すらりと伸びた美しい背筋。それを支えているのは、健康な骨。“年齢は背中に出る”と言われることもあり骨の健康を保ちたいものですが女性は、骨の病気・骨粗しょう症のリスクがとても高いのが事実。それはなぜなのでしょうか。
身長が低くなる。その原因は背骨の骨折!
年をとると身長が低くなるという話、聞いたことありませんか?冗談のように思われるかもしれませんが、実はこれは本当の話。驚くべきことに、骨折によって身長が低くなるのです。
「それは脊椎、いわゆる背骨の骨折が大きな要因です。骨が押しつぶされるようにして変形し、背中が前かがみになって身長が低くなってしまうのです。この骨折の怖いところは、半分以上の例でほとんど痛みがなく、気づきにくいこと。また、痛みの有無によらず、ひとつの骨折をきっかけに次々に背骨の骨折を引き起こすことも多くあります。年齢を重ねると、それほど骨がもろくなってしまうのです」
背骨の骨折は主に、骨がスカスカになる病気、骨粗しょう症が原因で起こります。骨には“変化することのないカルシウムの塊”というようなイメージがあるかもしれませんが、実は常に生まれ変わりを続けている生きた器官。古い骨を壊す【骨吸収】と、新しい骨を作る【骨形成】を繰り返し、約7年で全身の骨の半分が新しい骨に変わると言われています。骨粗しょう症は、骨を壊すスピードに、骨を作るスピードが追いつかなくなるなどの理由で発症します。

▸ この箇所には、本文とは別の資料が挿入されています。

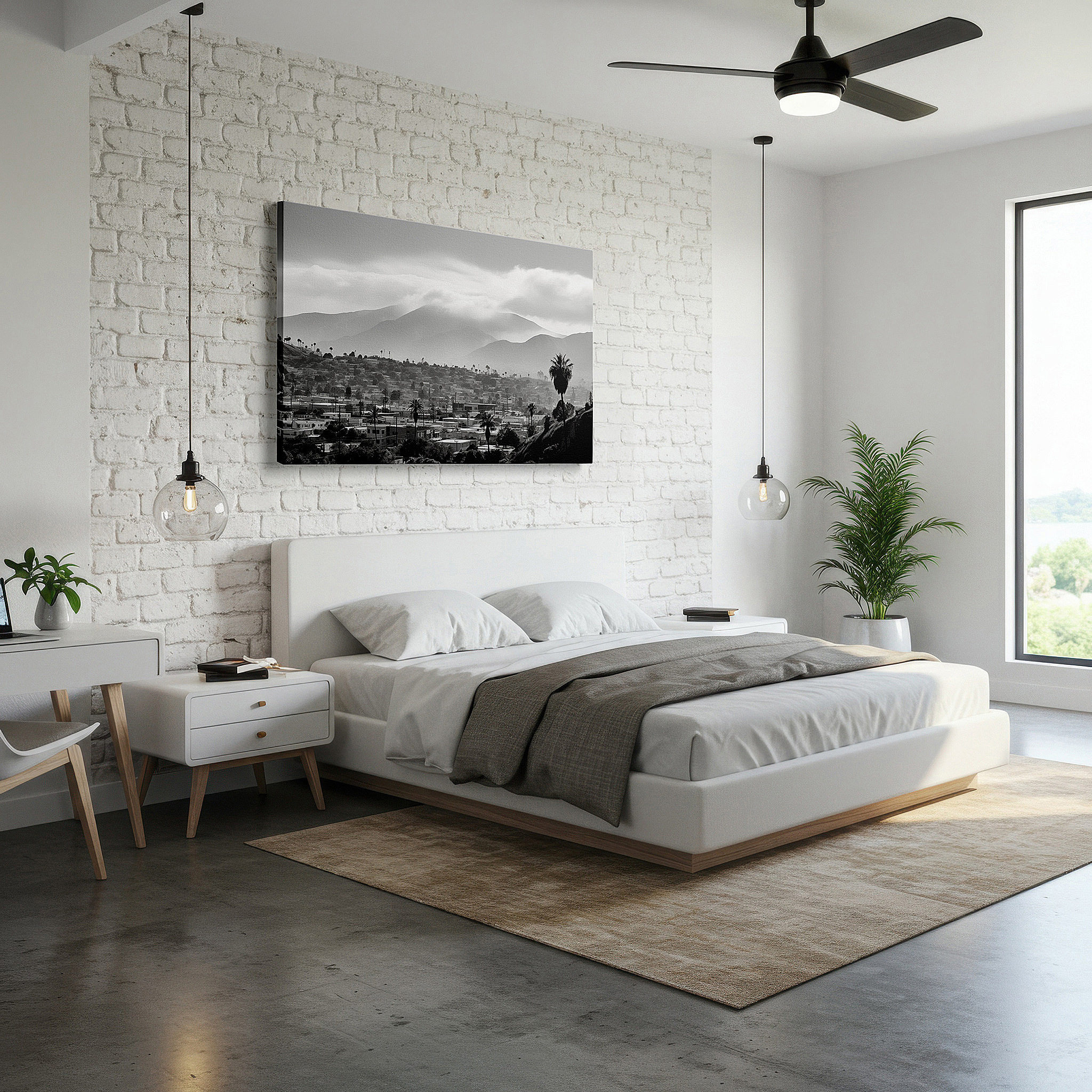 Displayed above a contemporary leather sofa in warm light — urban serenity and majestic mountains combine in a monochromatic masterpiece: large wall art, canvas wall art, wall decor for offices and bedrooms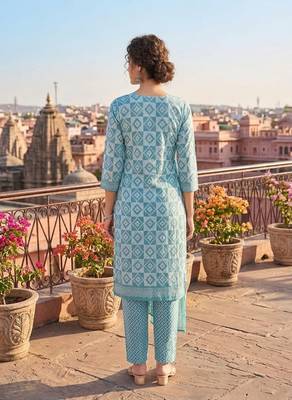 Teal printed cotton blend stitched geometric print salwar kurta dupatta for women 3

「骨粗しょう症は、圧倒的に女性に多い病気。男性の約3倍です。なぜかというと、女性ホルモンが関係しているからです。女性ホルモン・エストロゲンには、古い骨を壊す【骨吸収】を穏やかにして、骨の健康を維持する働きがあります。しかし閉経前後からエストロゲンの分泌が減少するため、【骨吸収】が異常に早くなり【骨形成】が追いつかなくなってしまうのです」
備えるべき期間に、骨の蓄えを失っている?
骨の強度の指標である骨密度は、閉経前後から急激に減少。これは女性である以上、避けられないことなのです。
「骨粗しょう症の発症率は、50歳後半から急激に増加しますが、決して若い人に関係のない病気ではありません。骨密度の低下に備えて、骨を蓄えておかねばならないのです。女性の骨量は、20歳前後の骨量と閉経後の影響だけで決まると思ってください。骨量が最も多くなる20歳前後までにできるだけ増やし、閉経後はできるだけ減らさないようにすることが大事です」
女性であることは、それだけで骨粗しょう症のリスクがあるということ。それに加えて、偏食や食事を控えるダイエット、運動不足、喫煙、アルコールの多飲などの習慣があると、閉経を迎える前にも骨量を減らしていくことになります。
「骨粗しょう症を発症すると、背中や腰、脚のつけ根、手首、肩を骨折しやすくなります。しかもそれは、つまずいて転んだとか、少し重い物を持ったという、実に簡単なことで起こってしまいます。50代になってちょっとしたことで骨折したら、若い頃とは違うタイプの骨折だと考える必要があります。骨粗しょう症が発症して、かなり骨がもろくなっていると考えられます」
若い頃の骨折は、時間が経てば治るものですが、年齢を重ねてからの骨折は、寝たきりに直結することもあるほど怖いもの。それが認知症につながっていくこともあります。骨折が、それまでの生活や人生を激変させてしまうことを、考えておかねばなりません。